INFORMATION PROVIDED:
⁂

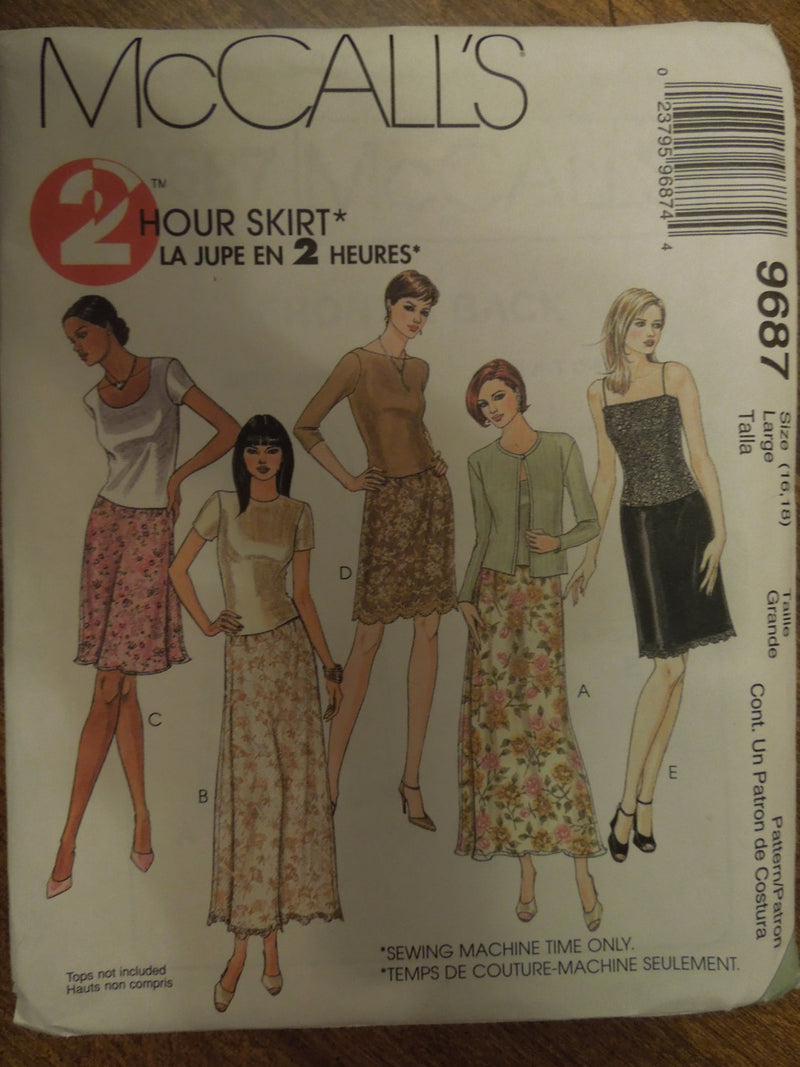 McCalls 9687, Misses, Skirts, Sizes 16-18, UNCUT sewing pattern,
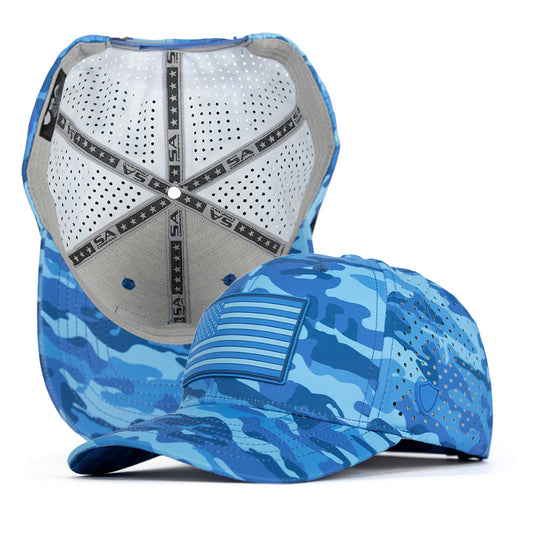 Performance Snapback | Blue Military Camo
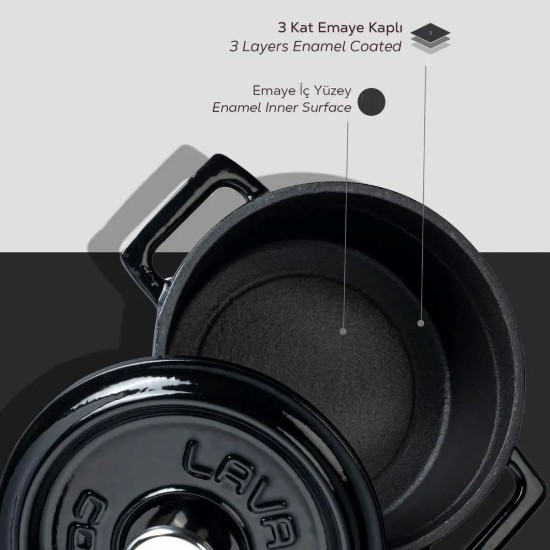 Lava öntvény lábas  14 cm, fekete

⁂

Everything in the data except the pictures should be restated word for word.

RESPONSE AREA:
 McCalls 9687, Misses, Skirts, Sizes 16-18, UNCUT sewing pattern,
 Performance Snapback | Blue Military Camo
 Lava öntvény lábas  14 cm, fekete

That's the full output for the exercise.